- Work request -
Every entry below needs to be copied exactly.

--- Exercise material ---

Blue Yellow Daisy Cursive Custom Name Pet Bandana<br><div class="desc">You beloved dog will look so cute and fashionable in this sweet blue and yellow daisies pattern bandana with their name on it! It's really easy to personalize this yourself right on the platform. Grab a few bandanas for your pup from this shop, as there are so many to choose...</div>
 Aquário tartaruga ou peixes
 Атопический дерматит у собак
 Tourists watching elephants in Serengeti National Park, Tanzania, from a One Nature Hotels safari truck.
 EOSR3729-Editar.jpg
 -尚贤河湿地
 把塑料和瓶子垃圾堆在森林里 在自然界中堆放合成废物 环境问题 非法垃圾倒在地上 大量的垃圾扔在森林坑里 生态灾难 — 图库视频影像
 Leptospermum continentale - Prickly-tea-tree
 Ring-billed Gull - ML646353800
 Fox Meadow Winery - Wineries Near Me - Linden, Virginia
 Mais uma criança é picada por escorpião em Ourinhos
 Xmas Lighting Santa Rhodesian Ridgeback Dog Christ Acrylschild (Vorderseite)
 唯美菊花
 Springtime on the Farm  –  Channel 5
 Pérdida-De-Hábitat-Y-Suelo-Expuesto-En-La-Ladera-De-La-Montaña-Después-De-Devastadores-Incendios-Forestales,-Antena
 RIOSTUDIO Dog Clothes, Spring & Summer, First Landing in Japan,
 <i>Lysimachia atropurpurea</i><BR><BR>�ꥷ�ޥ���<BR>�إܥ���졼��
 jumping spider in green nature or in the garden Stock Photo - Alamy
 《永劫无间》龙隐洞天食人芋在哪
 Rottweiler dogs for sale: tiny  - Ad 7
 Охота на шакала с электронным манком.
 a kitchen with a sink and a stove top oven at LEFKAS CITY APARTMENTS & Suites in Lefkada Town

---

- Task output -
Blue Yellow Daisy Cursive Custom Name Pet Bandana<br><div class="desc">You beloved dog will look so cute and fashionable in this sweet blue and yellow daisies pattern bandana with their name on it! It's really easy to personalize this yourself right on the platform. Grab a few bandanas for your pup from this shop, as there are so many to choose...</div>
 Aquário tartaruga ou peixes
 Атопический дерматит у собак
 Tourists watching elephants in Serengeti National Park, Tanzania, from a One Nature Hotels safari truck.
 EOSR3729-Editar.jpg
 -尚贤河湿地
 把塑料和瓶子垃圾堆在森林里 在自然界中堆放合成废物 环境问题 非法垃圾倒在地上 大量的垃圾扔在森林坑里 生态灾难 — 图库视频影像
 Leptospermum continentale - Prickly-tea-tree
 Ring-billed Gull - ML646353800
 Fox Meadow Winery - Wineries Near Me - Linden, Virginia
 Mais uma criança é picada por escorpião em Ourinhos
 Xmas Lighting Santa Rhodesian Ridgeback Dog Christ Acrylschild (Vorderseite)
 唯美菊花
 Springtime on the Farm  –  Channel 5
 Pérdida-De-Hábitat-Y-Suelo-Expuesto-En-La-Ladera-De-La-Montaña-Después-De-Devastadores-Incendios-Forestales,-Antena
 RIOSTUDIO Dog Clothes, Spring & Summer, First Landing in Japan,
 <i>Lysimachia atropurpurea</i><BR><BR>�ꥷ�ޥ���<BR>�إܥ���졼��
 jumping spider in green nature or in the garden Stock Photo - Alamy
 《永劫无间》龙隐洞天食人芋在哪
 Rottweiler dogs for sale: tiny  - Ad 7
 Охота на шакала с электронным манком.
 a kitchen with a sink and a stove top oven at LEFKAS CITY APARTMENTS & Suites in Lefkada Town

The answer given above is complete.